Below are records. Copy every line with "Ocean" in it.

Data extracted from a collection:
BEGIN
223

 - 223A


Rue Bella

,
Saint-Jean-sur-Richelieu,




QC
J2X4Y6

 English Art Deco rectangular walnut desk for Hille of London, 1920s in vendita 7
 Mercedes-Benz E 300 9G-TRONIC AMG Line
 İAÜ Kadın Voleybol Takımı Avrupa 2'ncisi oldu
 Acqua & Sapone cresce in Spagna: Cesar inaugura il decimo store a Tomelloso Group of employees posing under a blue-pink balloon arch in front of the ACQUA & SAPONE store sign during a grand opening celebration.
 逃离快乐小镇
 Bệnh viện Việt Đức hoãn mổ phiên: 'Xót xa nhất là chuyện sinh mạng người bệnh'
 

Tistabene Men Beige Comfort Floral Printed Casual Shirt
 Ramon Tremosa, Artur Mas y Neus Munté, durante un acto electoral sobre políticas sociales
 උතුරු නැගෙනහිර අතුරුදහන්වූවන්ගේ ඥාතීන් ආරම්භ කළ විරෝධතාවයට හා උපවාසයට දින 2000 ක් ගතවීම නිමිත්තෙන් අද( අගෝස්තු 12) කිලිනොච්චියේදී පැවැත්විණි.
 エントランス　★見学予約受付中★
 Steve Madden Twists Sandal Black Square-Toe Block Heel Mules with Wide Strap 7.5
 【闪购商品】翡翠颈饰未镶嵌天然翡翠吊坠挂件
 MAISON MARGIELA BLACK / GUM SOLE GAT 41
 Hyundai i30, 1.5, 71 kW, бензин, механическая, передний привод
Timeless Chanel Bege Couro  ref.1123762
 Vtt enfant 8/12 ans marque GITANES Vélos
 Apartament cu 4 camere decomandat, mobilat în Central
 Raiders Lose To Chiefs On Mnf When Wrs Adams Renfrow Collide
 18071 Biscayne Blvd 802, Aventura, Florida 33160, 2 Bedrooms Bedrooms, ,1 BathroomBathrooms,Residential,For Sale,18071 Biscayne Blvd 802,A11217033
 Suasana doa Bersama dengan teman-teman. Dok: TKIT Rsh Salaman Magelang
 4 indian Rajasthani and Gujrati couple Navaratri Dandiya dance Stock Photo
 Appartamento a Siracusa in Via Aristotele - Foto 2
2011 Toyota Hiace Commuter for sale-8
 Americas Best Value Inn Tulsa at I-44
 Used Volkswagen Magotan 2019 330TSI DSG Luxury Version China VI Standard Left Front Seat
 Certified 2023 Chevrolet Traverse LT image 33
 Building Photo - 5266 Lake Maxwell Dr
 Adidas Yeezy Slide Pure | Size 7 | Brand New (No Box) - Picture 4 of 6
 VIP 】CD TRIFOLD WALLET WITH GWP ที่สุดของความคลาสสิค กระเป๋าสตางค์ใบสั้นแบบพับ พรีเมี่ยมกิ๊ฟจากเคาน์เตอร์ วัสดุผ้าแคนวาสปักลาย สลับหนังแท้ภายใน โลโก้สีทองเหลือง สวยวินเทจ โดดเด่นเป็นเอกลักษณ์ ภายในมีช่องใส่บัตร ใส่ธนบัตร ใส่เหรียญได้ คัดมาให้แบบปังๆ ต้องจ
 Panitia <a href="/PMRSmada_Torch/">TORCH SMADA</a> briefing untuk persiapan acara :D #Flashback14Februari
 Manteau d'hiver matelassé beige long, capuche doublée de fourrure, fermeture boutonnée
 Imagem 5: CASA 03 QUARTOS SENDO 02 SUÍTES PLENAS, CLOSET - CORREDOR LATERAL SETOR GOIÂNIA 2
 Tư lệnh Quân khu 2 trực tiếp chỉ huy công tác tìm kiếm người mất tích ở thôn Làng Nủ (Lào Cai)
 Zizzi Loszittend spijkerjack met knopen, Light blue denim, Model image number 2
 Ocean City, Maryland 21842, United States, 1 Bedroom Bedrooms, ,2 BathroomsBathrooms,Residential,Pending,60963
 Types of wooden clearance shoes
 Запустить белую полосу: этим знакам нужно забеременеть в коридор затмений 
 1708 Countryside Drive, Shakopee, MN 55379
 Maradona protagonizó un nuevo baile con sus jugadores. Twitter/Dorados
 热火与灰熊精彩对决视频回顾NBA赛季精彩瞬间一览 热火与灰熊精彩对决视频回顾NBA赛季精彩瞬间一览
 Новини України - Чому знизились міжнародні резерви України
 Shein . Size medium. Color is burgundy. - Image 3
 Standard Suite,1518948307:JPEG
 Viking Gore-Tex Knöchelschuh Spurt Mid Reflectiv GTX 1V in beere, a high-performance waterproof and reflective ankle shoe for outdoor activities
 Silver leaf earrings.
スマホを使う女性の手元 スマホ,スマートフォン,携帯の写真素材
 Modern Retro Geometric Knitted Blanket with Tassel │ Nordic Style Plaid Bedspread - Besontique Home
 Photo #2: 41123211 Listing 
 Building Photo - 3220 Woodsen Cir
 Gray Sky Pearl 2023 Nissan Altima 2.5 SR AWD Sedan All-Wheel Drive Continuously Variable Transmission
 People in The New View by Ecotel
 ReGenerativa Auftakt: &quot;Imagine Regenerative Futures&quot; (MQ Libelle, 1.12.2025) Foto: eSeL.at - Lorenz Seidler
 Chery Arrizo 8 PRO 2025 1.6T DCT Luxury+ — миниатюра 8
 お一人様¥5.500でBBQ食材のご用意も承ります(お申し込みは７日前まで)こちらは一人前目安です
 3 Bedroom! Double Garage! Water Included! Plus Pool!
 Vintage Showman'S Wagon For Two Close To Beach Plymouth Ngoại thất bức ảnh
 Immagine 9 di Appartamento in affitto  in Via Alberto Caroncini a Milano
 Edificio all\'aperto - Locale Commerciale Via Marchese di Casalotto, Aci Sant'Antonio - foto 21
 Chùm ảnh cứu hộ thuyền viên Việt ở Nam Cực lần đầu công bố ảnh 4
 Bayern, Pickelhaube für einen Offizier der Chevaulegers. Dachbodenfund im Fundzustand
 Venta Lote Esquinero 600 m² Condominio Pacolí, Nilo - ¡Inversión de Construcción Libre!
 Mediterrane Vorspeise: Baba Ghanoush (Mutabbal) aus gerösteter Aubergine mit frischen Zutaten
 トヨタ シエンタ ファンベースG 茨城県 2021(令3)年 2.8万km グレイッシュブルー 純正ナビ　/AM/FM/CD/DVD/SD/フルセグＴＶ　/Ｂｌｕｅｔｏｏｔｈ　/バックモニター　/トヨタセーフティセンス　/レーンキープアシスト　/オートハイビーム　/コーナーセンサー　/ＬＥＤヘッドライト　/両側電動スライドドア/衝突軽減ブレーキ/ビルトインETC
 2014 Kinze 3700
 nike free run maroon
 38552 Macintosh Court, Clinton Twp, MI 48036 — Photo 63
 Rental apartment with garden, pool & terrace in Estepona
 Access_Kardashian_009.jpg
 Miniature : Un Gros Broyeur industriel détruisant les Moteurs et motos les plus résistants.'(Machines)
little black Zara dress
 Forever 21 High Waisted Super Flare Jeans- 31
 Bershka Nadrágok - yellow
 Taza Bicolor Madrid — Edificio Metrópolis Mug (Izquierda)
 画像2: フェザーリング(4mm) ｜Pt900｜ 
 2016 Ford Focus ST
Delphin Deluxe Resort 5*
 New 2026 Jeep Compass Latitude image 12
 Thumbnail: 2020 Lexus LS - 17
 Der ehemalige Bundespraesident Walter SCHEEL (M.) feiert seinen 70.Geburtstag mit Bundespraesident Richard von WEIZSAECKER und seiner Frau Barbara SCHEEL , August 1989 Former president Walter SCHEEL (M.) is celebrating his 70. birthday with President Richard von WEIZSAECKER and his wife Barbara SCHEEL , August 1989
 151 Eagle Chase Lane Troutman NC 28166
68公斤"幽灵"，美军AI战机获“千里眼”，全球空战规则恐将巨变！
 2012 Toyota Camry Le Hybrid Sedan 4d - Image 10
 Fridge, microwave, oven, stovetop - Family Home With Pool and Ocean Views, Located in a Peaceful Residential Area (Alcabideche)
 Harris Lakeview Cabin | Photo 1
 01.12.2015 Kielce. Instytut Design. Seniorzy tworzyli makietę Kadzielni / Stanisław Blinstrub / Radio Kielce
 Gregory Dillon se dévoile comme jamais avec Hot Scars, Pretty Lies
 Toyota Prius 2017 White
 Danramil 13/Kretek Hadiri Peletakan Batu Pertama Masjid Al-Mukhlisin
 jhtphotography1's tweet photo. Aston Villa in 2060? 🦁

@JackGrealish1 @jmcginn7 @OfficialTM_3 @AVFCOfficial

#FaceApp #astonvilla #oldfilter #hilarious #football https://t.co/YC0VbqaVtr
END
=== Result for this task ===
 Ocean City, Maryland 21842, United States, 1 Bedroom Bedrooms, ,2 BathroomsBathrooms,Residential,Pending,60963
 Fridge, microwave, oven, stovetop - Family Home With Pool and Ocean Views, Located in a Peaceful Residential Area (Alcabideche)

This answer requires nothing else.